EXTRACTED INFORMATION -
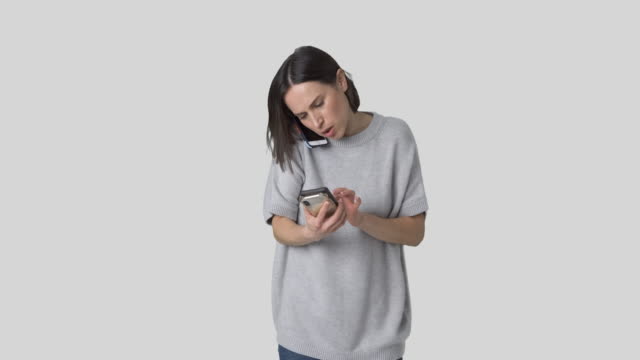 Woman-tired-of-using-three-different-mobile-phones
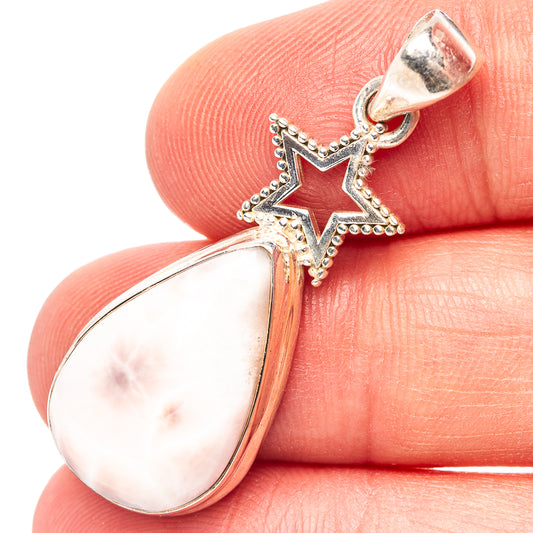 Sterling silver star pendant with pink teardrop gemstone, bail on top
* * *
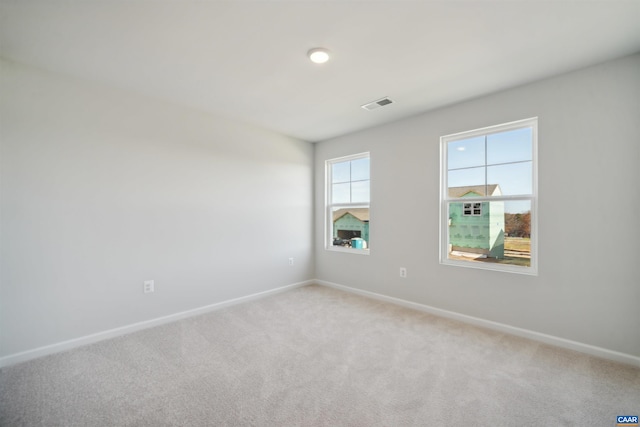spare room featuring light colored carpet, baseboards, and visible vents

PROBLEM TO WORK ON -
Start with the line above containing "Woman-tired-of-using-three-different-mobile-phones" and end with the line containing "Sterling silver star". Set down that stretch exactly, without any pictures.

EXERCISE OUTPUT -
 Woman-tired-of-using-three-different-mobile-phones
 Sterling silver star pendant with pink teardrop gemstone, bail on top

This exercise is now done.